After a 50 year hiatus, Belgium’s oldest motorcycle brand Saroléa is making a triumphant return with an electric cafe racer made from carbon fiber. Light, powerful, and sexy in an industria cafe racer sorta way, the Saroléa SP7 introduced itself to the world this past Saturday, and will make its racing debut at the Isle of Man TT Zero later this year.
The unpainted monotube frame is made entirely from carbon fiber, though the SP7 still comes in at 400 pounds. That’s due to a presumably-large battery pack that makes up most of the motorcycle’s body and an electric motor churning out 180 horsepower and 295 ft-lbs of torque. That’s more get-up-and-go than the Mercedes B-Class Electric, which tips the scales at over 3,800 pounds. This setup allows the SP7 to accelerate from 0 to 62 MPH in 2.8 seconds, less time than it probably took you to read this sentence that I deliberately drew out, but you get the picture.

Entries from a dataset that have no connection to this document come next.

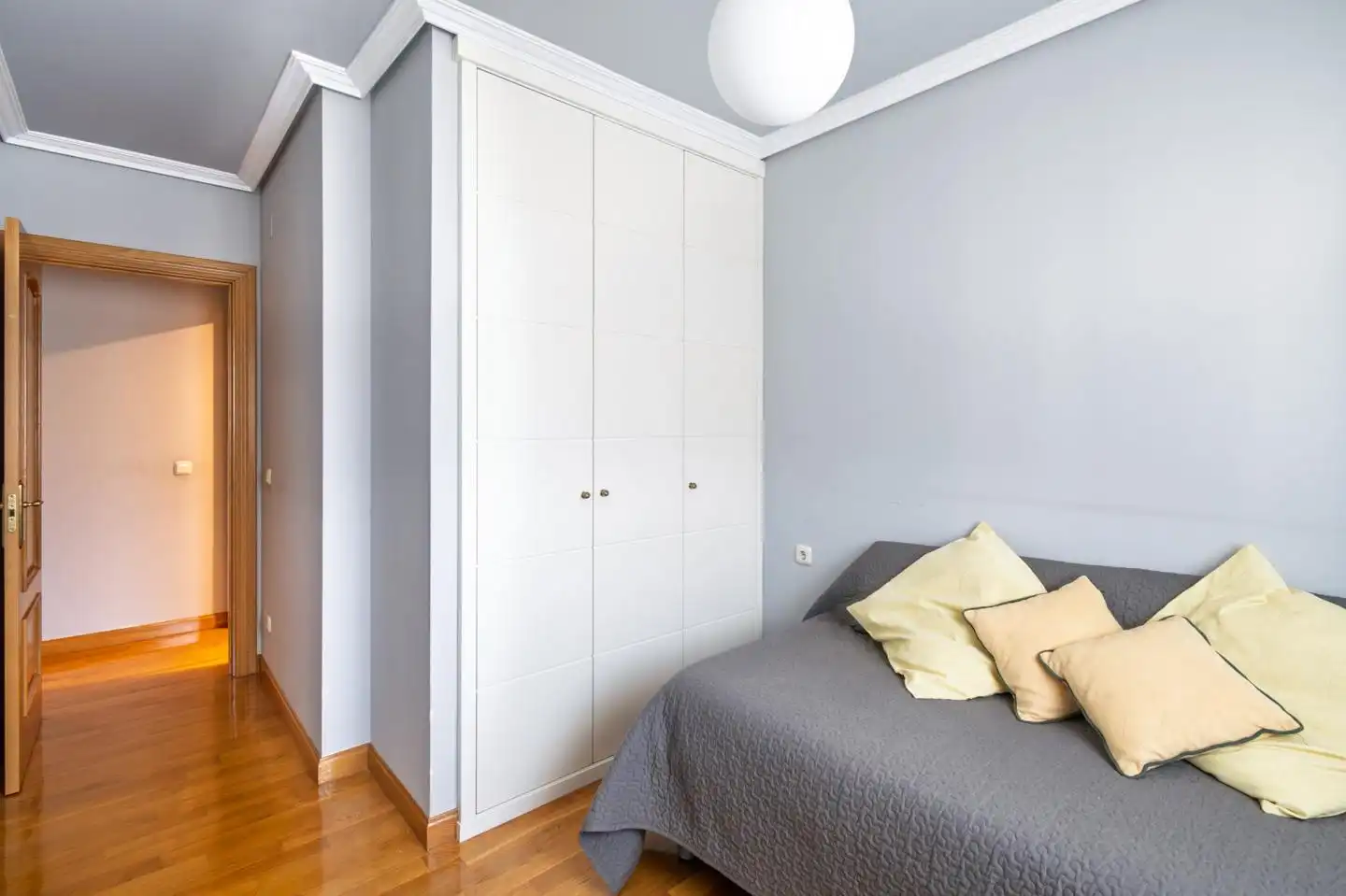 Flat for sale in Felisa Munárriz, Milagrosa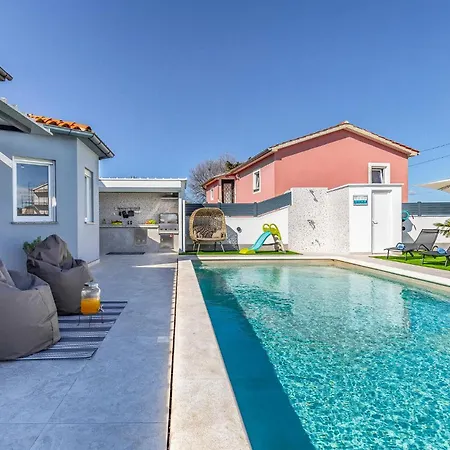 Lovely In With Sauna Dom wakacyjny *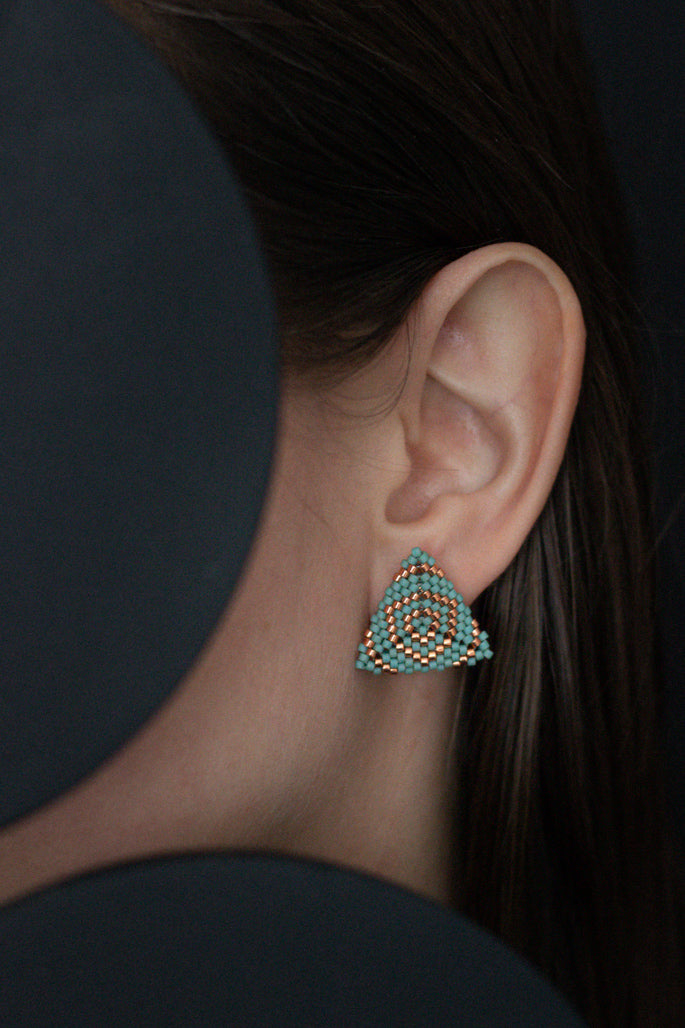 Clue - midi stud or clip-on earrings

Saroléa ain’t messin’ around, and they’re ready to prove it at the Isle of Man TT Zero in a little over a month’s time. They’ll have plenty of competition from an elite group of electric motorcycle pioneers, and the 2014 edition of the TT Zero already has plenty to recommend it.
The revival of an iconic motorcycle recalling the popular look of cafe racers makes it that much better.